DATA BELOW >>

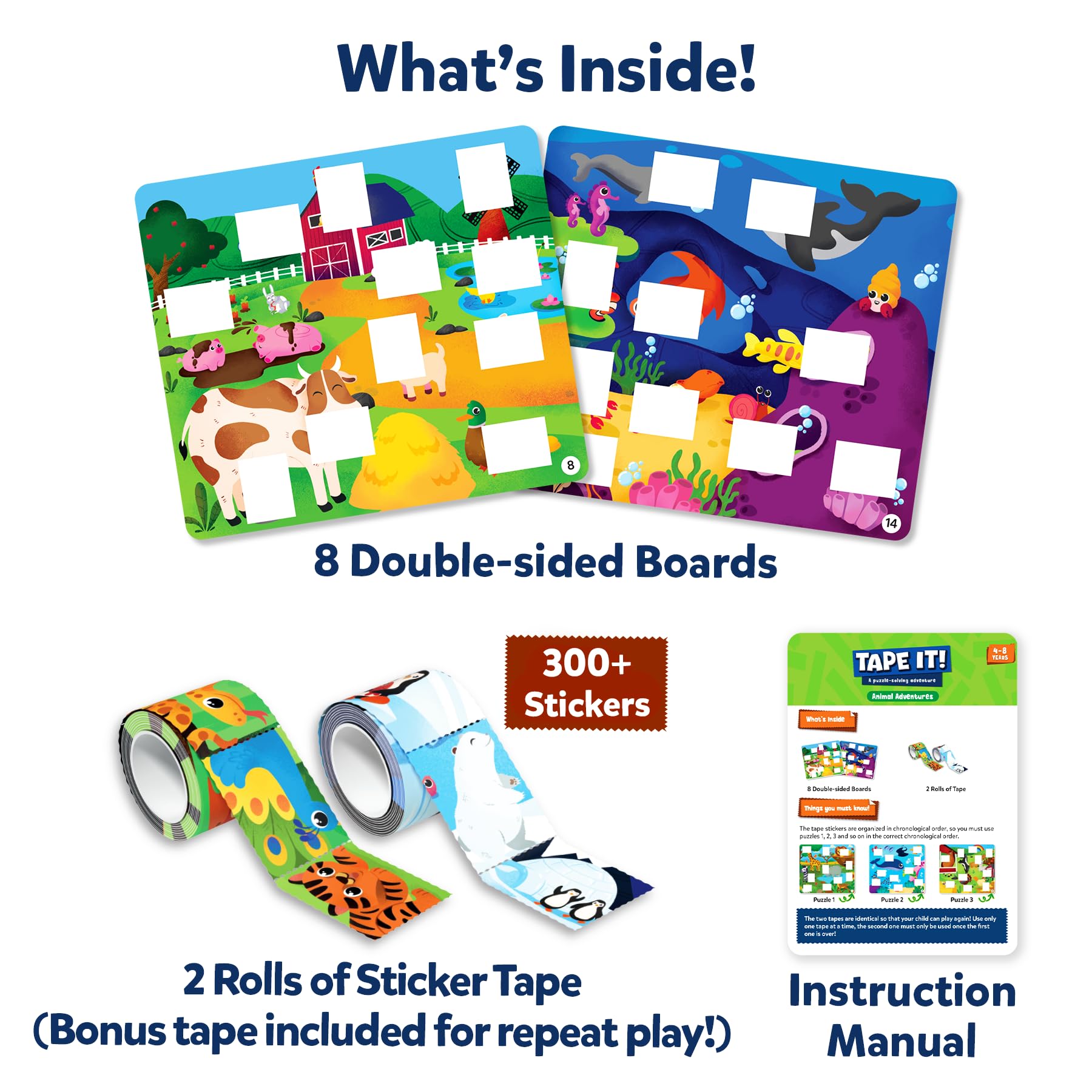 Skillmatics Tape It rolls of stickers (300+), enabling reusable, mess-free fun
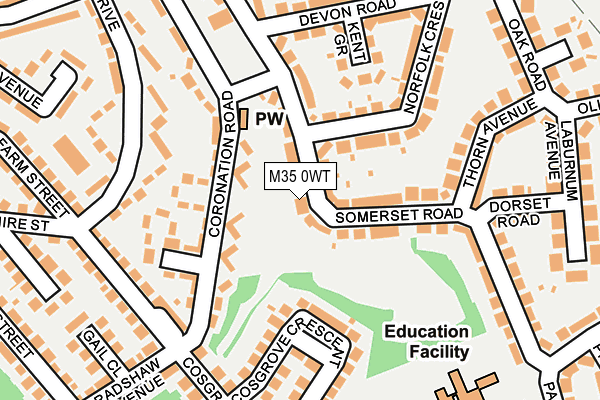 M35 0WT map - OS OpenMap – Local (Ordnance Survey)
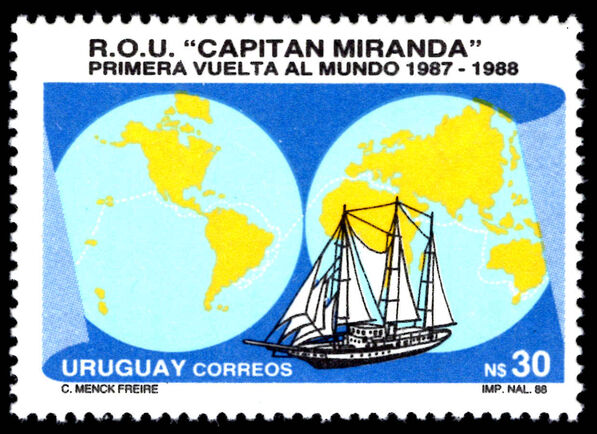 Uruguay 1988 First World Voyage of Capitan Miranda unmounted mint.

WHAT YOU WILL DO >>
Copy the data word for word. Pictures do not go in the copy.

RESPONSE AREA >>
 Skillmatics Tape It rolls of stickers (300+), enabling reusable, mess-free fun
 M35 0WT map - OS OpenMap – Local (Ordnance Survey)
 Uruguay 1988 First World Voyage of Capitan Miranda unmounted mint.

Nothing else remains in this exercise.